## Supplied material
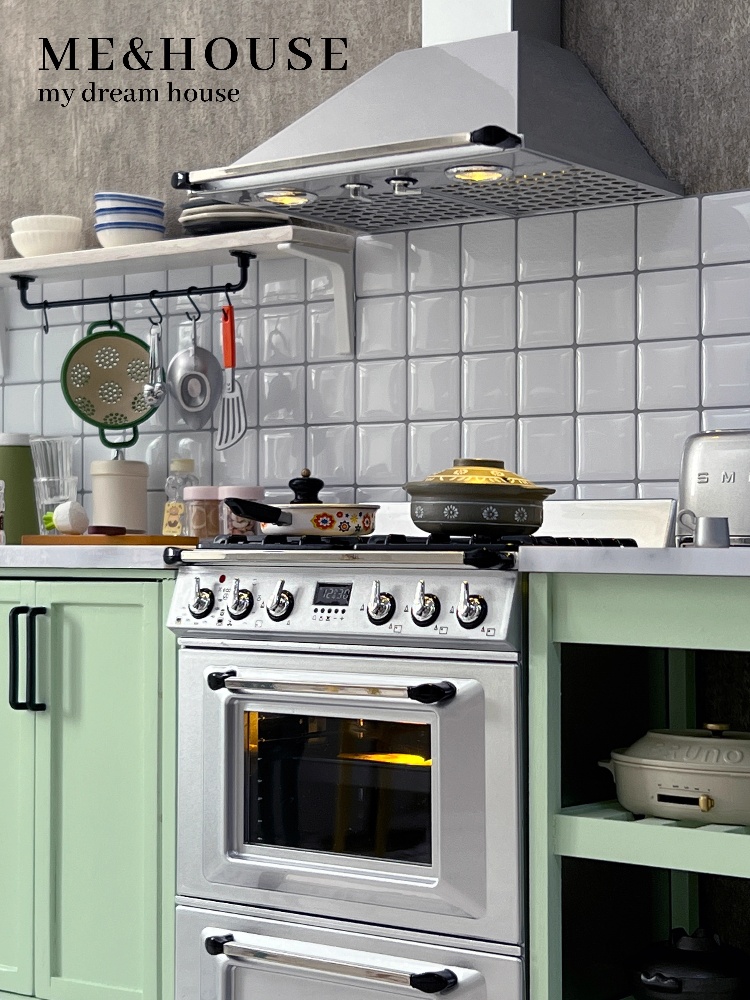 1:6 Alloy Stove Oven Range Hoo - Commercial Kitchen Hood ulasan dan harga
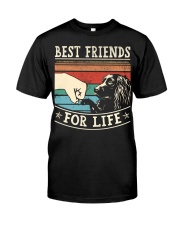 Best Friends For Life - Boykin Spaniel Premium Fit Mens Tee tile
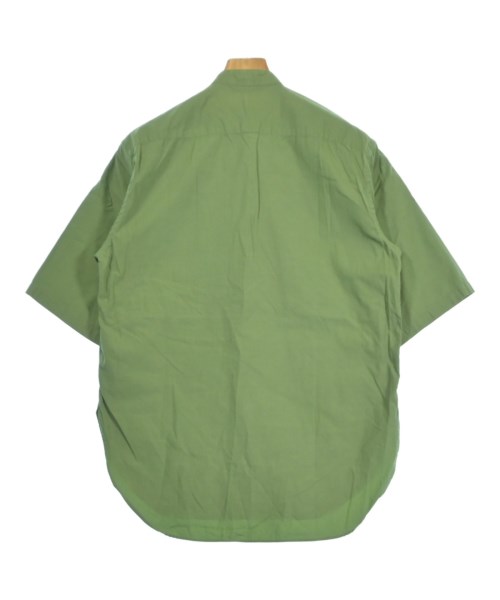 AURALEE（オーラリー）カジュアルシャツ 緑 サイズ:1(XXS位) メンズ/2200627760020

## Your assignment
Set down word for word, from the line that contains "Best Friends For" to the end of the listing above, every line and no picture.

## Solution for this task
 Best Friends For Life - Boykin Spaniel Premium Fit Mens Tee tile
 AURALEE（オーラリー）カジュアルシャツ 緑 サイズ:1(XXS位) メンズ/2200627760020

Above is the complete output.